Dead humpback whale draws a crowd at Kincaid Beach
The dead humpback whale spotted floating in Knik River last week has washed up on the shores of Kincaid Beach over the weekend.
“We wanted to go for a hike and thought, well why not go see a whale,” said Kaydee Glumac, one of the dozens of people who made the mile trek down the Coastal Trail to see the humpback.
With the whale carcass came many questions from four-year-olds Sophia Pickett and Juliana Schmuke:
“How did he wash up on here?”
“Why does he have bugs on him?”
“Where is his face?”
“Why is some of his skin growed off?”
“And how did he die?”
The inquisitive pair rattled off as they walked around the whale.
Scientists don’t know how the whale died just yet, but they said it’s been floating around for at least 10 days.
Staff from NOAA, the National Oceanic and Atmospheric Administration, put up caution signs in the area warning people and their pets to stay back.
Spokesperson Julie Speegle said marine mammals can transmit diseases to humans and other animals.
“There’s also concern this carcass will attract bears, so you definitely want to stay away from the carcass,” Speegle said.
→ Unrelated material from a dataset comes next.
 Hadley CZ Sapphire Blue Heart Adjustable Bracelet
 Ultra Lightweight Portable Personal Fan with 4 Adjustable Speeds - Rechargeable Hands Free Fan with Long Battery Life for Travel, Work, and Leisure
NOAA plans to send scientists to perform a necropsy and collect samples of the carcass. They’re not sure if they’ll be able to determine how the whale died because it’s so decayed.
By Monday morning, the caution tape was strewn around the rocks and people were poking the flipper and tail with their bare hands.
For some people, it’s their first chance to see a whale like this, up close.
“It's smaller than what I thought it was going to be. I thought it was going to be larger,” said Glumac. “Looks like the tongue is hanging out of its mouth.”
Sophia’s mom, Jennie Pickett, said the impromptu field trip after preschool was a good learning experience for the girls.
“I think it’s so interesting for them to see nature at its finest. I can't believe the sheer size of the animal, and the smell, oof,” she said.
Downwind of the carcass, near the head -- people plugged their noses and covered their faces with their sleeves as the stench of rotting blubber filled the air.
“When it gets to the tongue it smells to my nose,” said Schmuke while pinching her nostrils shut, adding, “It smells like our bottoms.”
Still, many people braved the smell for a snapshot and a selfie.
They said they’re taking advantage of this rare opportunity before the tide washes the whale back to sea.